Debugging Program Build Failures

This page describes how to debug issues related to compiling programs and building the associated Code Property Graph (CPG).

When turning a program into a CPG, MATE goes through two primary phases: it first compiles the program into LLVM bitcode, and then it builds one or more CPGs from that bitcode. Both phases have multiple internal steps, each of which can fail. The sections below will help you debug some of the common sources of failures.

Tip

The debugging information below does not include environmental failure conditions, such as out-of-memory (OOM) errors or disk space exhaustion.

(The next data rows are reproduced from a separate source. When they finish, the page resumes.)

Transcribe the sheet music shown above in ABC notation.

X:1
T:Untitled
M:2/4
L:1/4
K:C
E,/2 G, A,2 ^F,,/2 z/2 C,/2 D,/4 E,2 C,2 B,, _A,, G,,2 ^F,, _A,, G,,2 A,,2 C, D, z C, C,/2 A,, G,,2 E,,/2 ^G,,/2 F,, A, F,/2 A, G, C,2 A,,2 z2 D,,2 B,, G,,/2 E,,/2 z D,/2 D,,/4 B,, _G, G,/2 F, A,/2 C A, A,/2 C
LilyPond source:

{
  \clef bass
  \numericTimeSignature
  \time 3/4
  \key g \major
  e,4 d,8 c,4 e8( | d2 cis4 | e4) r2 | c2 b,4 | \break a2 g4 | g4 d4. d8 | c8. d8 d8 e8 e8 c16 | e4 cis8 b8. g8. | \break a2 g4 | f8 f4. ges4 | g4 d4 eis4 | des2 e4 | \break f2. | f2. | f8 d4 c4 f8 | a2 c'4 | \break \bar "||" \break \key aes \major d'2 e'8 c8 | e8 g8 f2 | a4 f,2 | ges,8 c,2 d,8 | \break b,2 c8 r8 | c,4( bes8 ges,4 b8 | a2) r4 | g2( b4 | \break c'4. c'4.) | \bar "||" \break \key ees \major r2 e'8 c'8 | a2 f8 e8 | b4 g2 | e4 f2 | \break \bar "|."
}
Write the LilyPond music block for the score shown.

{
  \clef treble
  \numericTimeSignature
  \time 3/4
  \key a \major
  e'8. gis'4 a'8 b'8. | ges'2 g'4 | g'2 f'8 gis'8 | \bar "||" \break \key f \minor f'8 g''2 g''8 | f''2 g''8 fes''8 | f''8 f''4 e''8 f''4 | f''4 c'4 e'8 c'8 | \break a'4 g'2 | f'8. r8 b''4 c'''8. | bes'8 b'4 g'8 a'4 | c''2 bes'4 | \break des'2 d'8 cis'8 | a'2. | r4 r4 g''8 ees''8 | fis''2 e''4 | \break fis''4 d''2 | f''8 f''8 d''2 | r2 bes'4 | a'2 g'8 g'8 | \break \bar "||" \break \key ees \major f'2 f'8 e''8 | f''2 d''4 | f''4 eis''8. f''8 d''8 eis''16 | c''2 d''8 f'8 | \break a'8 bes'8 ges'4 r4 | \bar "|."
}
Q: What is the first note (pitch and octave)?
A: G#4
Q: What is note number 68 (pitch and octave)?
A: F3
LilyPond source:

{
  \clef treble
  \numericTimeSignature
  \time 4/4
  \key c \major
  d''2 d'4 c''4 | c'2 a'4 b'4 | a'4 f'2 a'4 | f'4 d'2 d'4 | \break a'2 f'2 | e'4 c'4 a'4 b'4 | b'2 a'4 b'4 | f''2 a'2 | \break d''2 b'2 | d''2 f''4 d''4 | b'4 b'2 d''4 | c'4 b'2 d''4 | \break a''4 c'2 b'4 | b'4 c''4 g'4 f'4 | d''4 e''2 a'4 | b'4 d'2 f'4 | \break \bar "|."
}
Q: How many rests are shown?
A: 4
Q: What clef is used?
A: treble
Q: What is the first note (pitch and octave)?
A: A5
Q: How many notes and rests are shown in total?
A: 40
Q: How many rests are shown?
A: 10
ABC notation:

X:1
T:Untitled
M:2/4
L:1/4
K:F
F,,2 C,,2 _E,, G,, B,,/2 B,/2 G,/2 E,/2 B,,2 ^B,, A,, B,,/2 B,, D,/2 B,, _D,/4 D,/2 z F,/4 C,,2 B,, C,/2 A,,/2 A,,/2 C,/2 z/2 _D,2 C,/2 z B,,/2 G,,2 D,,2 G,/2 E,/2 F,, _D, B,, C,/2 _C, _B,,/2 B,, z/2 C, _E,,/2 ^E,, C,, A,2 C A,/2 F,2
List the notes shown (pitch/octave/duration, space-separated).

Identifying the kind of failure

To start debugging MATE’s behavior, we first need to know which phase (compilation or building) actually failed. To do this, we can start by checking the status of the compilation that we kicked off:

$ mate-cli compile get YOUR-COMPILATION-ID

This will return a JSON blob with metadata about the compilation, including a state field that indicates the compilation’s status:

{
    "artifact_ids": [
        "71d004a9b9df42ea925950e274636d25",
        "b1959e0ab94941019fcb2f5535101ece",
        "40cd28faf8744cd1a4b4af72f03cb078",
        "c61de4d26c2d46bcba36eef744cb5355",
        "51b37cc4ef154a9aae000c2c70be3e8d"
    ],
    "build_ids": ["0a9d399e84eb4a21a1a849e4467015c1"],
    "compilation_id": "1bc760aa2ce54cc399c112818879ba6d",
    "options": {
        "containerized": false,
        "containerized_infer_build": true,
        "extra_compiler_flags": [],
        "make_targets": null,
        "testbed": null
    },
    "source_artifact": {
        "artifact_id": "71d004a9b9df42ea925950e274636d25",
        "attributes": {
            "filename": "mini-fenway-uaf.c"
        },
        "has_object": true,
        "kind": "compile-target:c"
    },
    "state": "compiled"
}

"state": "created" indicates a freshly created compilation. Compilations should only be in this state for an extremely short period, i.e. for a few milliseconds until they’re picked up by the execution service. A compilation that lingers in this state is a potential indicator of an environmental failure in MATE itself, such as the executor service crashing. Consult docker service ls for more information. Keep in mind, however, that high load on the executor service may also result in pending compilations in the created state — if the services look healthy, then it’s likely that the compilation is simply scheduled behind other tasks and needs some time.

"state": "compiling" indicates a compilation that’s still in progress, meaning that it can’t be used to produce CPG builds yet. A compilation process that stays in the compiling state for an unusually long time (i.e., more than an order of magnitude longer than the compilation would take outside of MATE) might indicate an error in MATE itself. No debugging action is immediately required for a compilation in this state.

"state": "compiled" indicates a successful compilation, producing one or more bitcode outputs that are suitable for the CPG build pipeline. Follow the steps under Debugging a CPG build for debugging failed builds once you’ve turned a compilation into CPG builds.

"state": "failed" affirmatively indicates a failed compilation phase. Follow the steps under Debugging a compilation.

Debugging a compilation

To begin debugging a compilation, follow these steps:

  1. First, check the Docker logs for the executor service, which handles compilation tasks. This will probably either be docker service logs mate_executor_1 or docker container logs mate_executor_1, depending on your deployment.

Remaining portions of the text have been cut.